A Multi-Model Learning Approach for Early Identification of Obesity Risk from Lifestyle Factors

E Tharun; K Bhaskar

doi:10.64751/

Authors

E Tharun Author
K Bhaskar Author

DOI:

https://doi.org/10.64751/

Keywords:

Obesity, machine learning, stacking, explainable AI

Abstract

Obesity is still a major public health problem around the world, and correct risk classification is needed to help people get help early and avoid long-term problems. The study uses the UCI Machine Learning Repository dataset, which has information about eating habits, physical exercise, and anthropometric measurements. It gives a wide range of examples of how people live their lives. The suggested method uses StandardScaler to normalize the data, RFECV with Logistic Regression to choose the features, and SMOTENC to resample classes that aren't balanced. Stratified 5- Fold Cross-Validation is used to measure how well the method works. Adaboost, Perceptron, GaussianNB, SGD, SVM, KNN, MLP, Decision Tree, ExtraTrees, BaggingClassifier, RandomForest, GradientBoosting, LogisticRegressionCV, XGBoost, and LightGBM are some of the algorithms that are used.
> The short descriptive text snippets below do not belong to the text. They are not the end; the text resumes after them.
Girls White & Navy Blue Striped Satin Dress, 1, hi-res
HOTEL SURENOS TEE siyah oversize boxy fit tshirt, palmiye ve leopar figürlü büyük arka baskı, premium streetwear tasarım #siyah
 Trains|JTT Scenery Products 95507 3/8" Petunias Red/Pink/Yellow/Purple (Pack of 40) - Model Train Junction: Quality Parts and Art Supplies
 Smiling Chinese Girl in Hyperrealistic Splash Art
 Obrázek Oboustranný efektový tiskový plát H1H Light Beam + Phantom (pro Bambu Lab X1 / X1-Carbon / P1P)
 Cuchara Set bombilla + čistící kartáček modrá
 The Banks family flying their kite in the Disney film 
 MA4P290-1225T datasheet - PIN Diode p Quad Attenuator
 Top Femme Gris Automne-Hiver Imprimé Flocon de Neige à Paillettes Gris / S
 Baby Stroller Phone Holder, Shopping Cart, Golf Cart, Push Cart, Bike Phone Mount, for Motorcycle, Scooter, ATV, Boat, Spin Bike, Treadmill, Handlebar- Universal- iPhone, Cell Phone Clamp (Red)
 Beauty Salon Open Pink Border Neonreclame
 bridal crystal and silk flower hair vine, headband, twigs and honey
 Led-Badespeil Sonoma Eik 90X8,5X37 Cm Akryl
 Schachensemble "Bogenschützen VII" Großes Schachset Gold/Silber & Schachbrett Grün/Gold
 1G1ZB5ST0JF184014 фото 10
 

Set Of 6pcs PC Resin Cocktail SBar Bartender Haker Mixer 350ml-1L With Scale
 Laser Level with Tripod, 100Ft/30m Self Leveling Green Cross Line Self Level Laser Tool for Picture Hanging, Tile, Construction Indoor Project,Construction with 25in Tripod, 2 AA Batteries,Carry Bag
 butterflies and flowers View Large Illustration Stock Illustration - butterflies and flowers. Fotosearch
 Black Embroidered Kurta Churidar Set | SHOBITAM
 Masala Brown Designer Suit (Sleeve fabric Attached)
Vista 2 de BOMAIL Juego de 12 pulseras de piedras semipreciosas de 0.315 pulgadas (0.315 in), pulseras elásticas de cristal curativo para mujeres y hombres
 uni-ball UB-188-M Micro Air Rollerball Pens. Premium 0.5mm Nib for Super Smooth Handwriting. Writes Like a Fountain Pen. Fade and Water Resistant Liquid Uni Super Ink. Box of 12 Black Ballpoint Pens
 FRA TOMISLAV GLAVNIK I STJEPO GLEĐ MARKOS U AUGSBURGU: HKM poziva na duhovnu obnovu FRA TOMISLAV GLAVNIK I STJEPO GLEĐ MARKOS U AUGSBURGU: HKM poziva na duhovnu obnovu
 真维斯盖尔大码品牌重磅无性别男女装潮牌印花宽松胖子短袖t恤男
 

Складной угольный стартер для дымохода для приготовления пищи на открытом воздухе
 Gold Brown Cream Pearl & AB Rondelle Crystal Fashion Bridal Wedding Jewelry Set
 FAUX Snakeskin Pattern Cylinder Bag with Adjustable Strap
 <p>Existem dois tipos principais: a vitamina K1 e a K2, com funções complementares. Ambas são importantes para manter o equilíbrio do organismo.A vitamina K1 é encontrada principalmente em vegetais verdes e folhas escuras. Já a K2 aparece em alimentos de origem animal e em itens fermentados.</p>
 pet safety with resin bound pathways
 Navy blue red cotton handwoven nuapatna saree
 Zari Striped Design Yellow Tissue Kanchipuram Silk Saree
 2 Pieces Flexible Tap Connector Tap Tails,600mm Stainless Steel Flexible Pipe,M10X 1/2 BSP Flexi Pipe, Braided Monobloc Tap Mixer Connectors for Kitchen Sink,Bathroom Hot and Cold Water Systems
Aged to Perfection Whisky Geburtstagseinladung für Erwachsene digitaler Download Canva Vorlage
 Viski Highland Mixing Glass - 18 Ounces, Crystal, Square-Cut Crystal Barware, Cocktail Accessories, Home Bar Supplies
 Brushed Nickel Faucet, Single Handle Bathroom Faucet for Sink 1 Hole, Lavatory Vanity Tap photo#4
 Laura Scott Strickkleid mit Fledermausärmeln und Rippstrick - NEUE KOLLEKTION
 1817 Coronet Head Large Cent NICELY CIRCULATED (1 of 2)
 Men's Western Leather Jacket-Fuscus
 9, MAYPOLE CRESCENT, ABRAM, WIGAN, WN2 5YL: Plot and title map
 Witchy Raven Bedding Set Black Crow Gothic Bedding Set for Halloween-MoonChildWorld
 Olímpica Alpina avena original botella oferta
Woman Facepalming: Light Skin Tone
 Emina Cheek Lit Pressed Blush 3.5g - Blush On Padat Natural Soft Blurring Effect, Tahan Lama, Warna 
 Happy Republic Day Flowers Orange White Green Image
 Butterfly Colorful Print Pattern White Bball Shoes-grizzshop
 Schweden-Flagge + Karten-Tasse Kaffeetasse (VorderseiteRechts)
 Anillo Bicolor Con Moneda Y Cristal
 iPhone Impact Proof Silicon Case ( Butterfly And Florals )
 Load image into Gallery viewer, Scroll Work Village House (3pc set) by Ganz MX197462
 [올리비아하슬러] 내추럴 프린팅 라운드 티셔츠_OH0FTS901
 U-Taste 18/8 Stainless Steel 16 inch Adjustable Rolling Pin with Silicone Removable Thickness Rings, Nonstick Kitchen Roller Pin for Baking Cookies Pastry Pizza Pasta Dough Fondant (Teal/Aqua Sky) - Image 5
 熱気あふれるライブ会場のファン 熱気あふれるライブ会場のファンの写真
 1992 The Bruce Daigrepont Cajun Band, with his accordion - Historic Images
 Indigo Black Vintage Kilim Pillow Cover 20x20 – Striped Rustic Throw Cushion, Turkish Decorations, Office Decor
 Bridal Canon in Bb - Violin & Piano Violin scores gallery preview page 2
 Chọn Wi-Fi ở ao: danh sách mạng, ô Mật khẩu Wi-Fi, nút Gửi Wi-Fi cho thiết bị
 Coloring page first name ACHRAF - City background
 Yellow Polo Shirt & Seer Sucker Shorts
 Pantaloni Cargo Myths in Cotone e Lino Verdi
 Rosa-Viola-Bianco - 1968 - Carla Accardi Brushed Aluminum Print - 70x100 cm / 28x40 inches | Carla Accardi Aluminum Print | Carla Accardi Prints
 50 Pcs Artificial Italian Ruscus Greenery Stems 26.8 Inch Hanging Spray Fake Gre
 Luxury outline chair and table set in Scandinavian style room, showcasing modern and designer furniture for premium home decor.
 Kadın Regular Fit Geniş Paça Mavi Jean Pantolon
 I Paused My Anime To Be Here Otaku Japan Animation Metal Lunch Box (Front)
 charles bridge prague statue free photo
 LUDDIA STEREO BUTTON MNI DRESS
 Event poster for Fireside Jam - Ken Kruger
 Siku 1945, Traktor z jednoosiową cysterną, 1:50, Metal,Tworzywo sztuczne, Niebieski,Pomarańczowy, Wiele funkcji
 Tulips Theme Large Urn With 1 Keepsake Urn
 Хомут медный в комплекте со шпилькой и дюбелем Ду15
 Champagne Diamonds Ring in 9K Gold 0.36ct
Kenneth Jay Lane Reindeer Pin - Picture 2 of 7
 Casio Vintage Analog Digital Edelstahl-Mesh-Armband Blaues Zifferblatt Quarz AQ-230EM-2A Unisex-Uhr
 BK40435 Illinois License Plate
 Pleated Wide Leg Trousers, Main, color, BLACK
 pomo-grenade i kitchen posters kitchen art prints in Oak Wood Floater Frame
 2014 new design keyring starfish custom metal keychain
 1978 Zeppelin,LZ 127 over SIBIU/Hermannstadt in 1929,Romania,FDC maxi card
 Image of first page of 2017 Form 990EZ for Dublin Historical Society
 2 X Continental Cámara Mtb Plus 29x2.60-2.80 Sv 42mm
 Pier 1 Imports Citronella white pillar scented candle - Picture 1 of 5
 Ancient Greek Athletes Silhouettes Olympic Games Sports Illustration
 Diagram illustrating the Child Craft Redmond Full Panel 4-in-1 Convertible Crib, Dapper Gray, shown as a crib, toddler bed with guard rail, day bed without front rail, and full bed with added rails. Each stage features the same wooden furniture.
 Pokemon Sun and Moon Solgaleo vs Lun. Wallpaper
There is also a proposed Stacking model that uses ensemble learning and LIME to give local, model-agnostic explanations of individual predictions. In addition, to further enhance robustness and interpretability, an Extended Voting ensemble combining Gradient Boosting Classifier, XGB Classifier, LGBM Classifier and CatBoost Classifier is reserved as an extension with SHAP-based global explanations and deployment via a Flask framework. With 99.3% accuracy, a perfect ROC-AUC, and relatively high precision, recall, and F1-score, the combined pipeline does a great job of classifying data.